Sat and sunday were pretty much all day / night gaming.
Add that up and he was spending around 60 + hours a week gaming, at least. He did work full time, pay his bills, did not live with mom and dad, even had a live in GF.
I would imagine alot of people do what he did / does. Granted I think that is excessive, but who am I to judge how he spends his time.
Not everyone who games hardcore is an unemployed basement dweller living off the Gov. titty, or parents money. Some do i am sure. But I would think many many of them just devote all the free time to gaming online.
friend of mine very good profesional in real live. Got well paid job Mon-Friday 9-5. Plays about 4-5 hours a day after work. At least u know where to find him if hes not answering a phone.
I used to lead a WoW guild that would always be top for server firsts in Vanilla. We had the Green dragons on farm and always seemed to be able to amass a raid group for whatever popped up. We worked hard to rush through Molten Core, then Blackwing Lair and then into AQ. We had the best gear and everyone said we were no lifers who lived in their parents basement. None of us were, we all had jobs, rather succesful ones.

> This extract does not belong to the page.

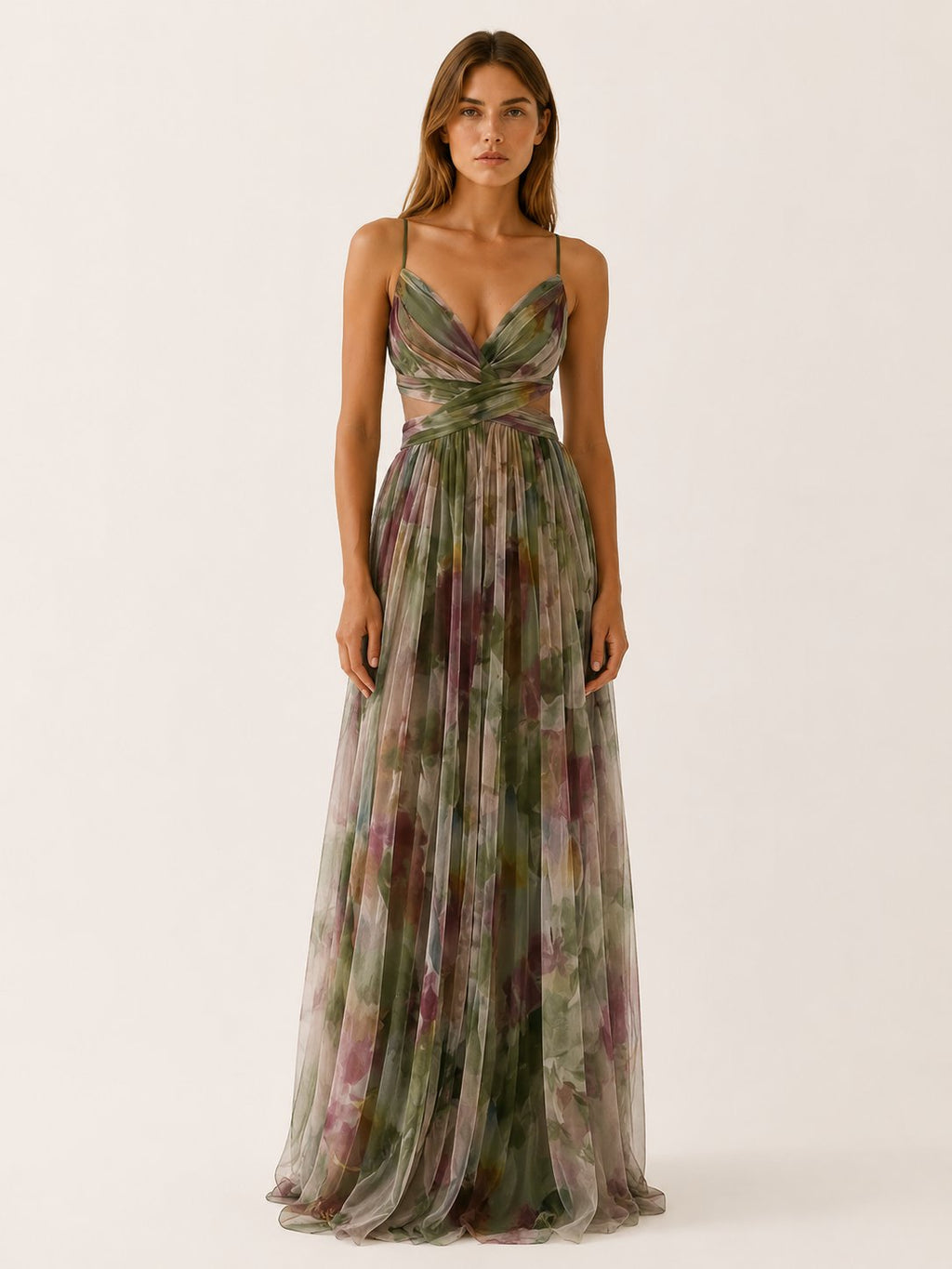 Cosima | Spring Summer Floral Maxi Wedding Guest Dress Petite Dresses — Green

Most of the players were regular people. Our main tank was in a wheel chair at 19 and took online classes while living at his parents home. Then there was a Captain in the Army, when he wasn't deployed he was very dependable, his wife also loved to play as well. We also had two programmers that worked for NASA, no shit. One of the guys ran a construction business and recruited players from his work.

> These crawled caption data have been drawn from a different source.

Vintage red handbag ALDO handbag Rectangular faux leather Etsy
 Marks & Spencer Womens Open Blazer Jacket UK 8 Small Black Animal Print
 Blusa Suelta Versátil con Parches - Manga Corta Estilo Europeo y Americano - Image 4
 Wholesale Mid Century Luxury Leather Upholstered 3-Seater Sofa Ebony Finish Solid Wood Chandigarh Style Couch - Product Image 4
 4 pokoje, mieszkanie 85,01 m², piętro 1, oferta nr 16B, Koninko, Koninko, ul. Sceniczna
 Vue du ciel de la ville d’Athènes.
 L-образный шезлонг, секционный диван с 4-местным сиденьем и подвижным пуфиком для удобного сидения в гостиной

We had a few housewives, but mostly it was 9-5 working husbands with various jobs. We had several college students as well. We rarely talked work and usually just used the game and smashing whichever bosses we fought for the night as a means to unwind from the day.
The idea that anyone who raids and does it successfully is a fat, worthless bald guy in the basement of their parents house is only said to make others feel better about their lack of achievements in games. It is very often said, and only very rarely true.
i gone to army, come back, and still play MMOs but i return to my studies for 2 years now, also live with my girlfriend and on weekends i work ... i play around 5hours per day my MMO which are enough to be a good player
i am not top player cause i lack of skill .. but i was hardcore cause of time wasted ... : /
the MMO i play ? GW2 cause its the only MMO where you can top(top statistics) your character without grinding ...
Personally I think it's very illogical to try and extract real life observations based on gaming achievements.
From my experience I will agree with many of the posters, most people that are successful in games don't really play more than the average of any other hobbyist. But like any hobbyist that really is into it they just devote more energy into making the best with the time they have available.
Sometimes I think the only reason the stereotype exist about living in the basement, mooching off etc comes from the same source as when people say "Oh he works 24/7, he doesn't have a personal life what a loser".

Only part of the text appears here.